*WHAT YOU SHOULD DO*:
Every line below from the one with "Koszulka krótki rękaw" through the one with "3 Tier Metallic" is to be repeated exactly, with no picture among them.

*STORED DATA*:
________

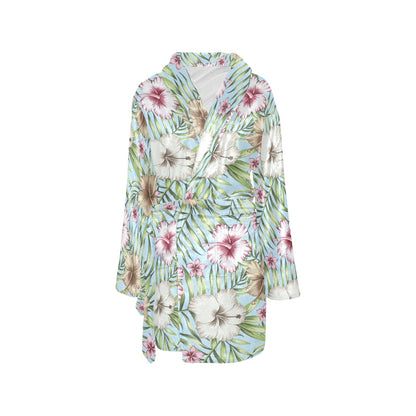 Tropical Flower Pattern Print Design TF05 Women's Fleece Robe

________

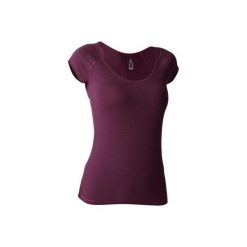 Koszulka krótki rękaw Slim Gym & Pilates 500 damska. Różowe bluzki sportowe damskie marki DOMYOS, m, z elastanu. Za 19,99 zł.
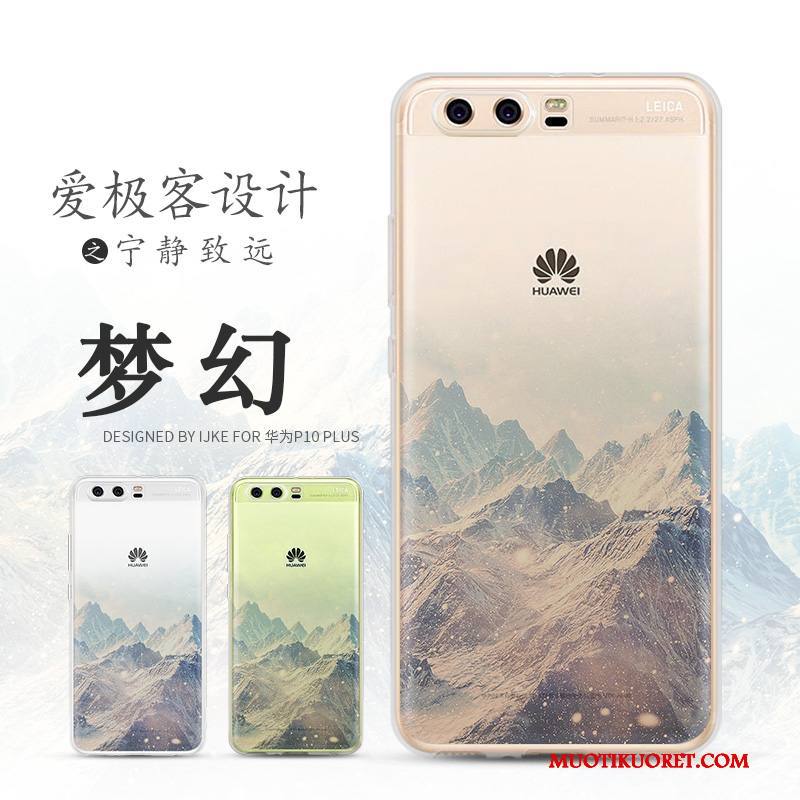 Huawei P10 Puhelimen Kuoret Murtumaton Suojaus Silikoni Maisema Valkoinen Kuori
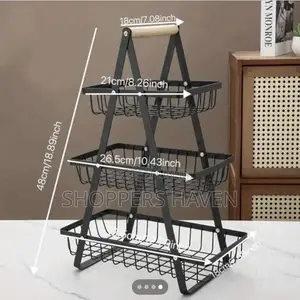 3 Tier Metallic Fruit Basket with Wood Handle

________

*SOLUTION FOR THIS TASK*:
 Koszulka krótki rękaw Slim Gym & Pilates 500 damska. Różowe bluzki sportowe damskie marki DOMYOS, m, z elastanu. Za 19,99 zł.
 Huawei P10 Puhelimen Kuoret Murtumaton Suojaus Silikoni Maisema Valkoinen Kuori
 3 Tier Metallic Fruit Basket with Wood Handle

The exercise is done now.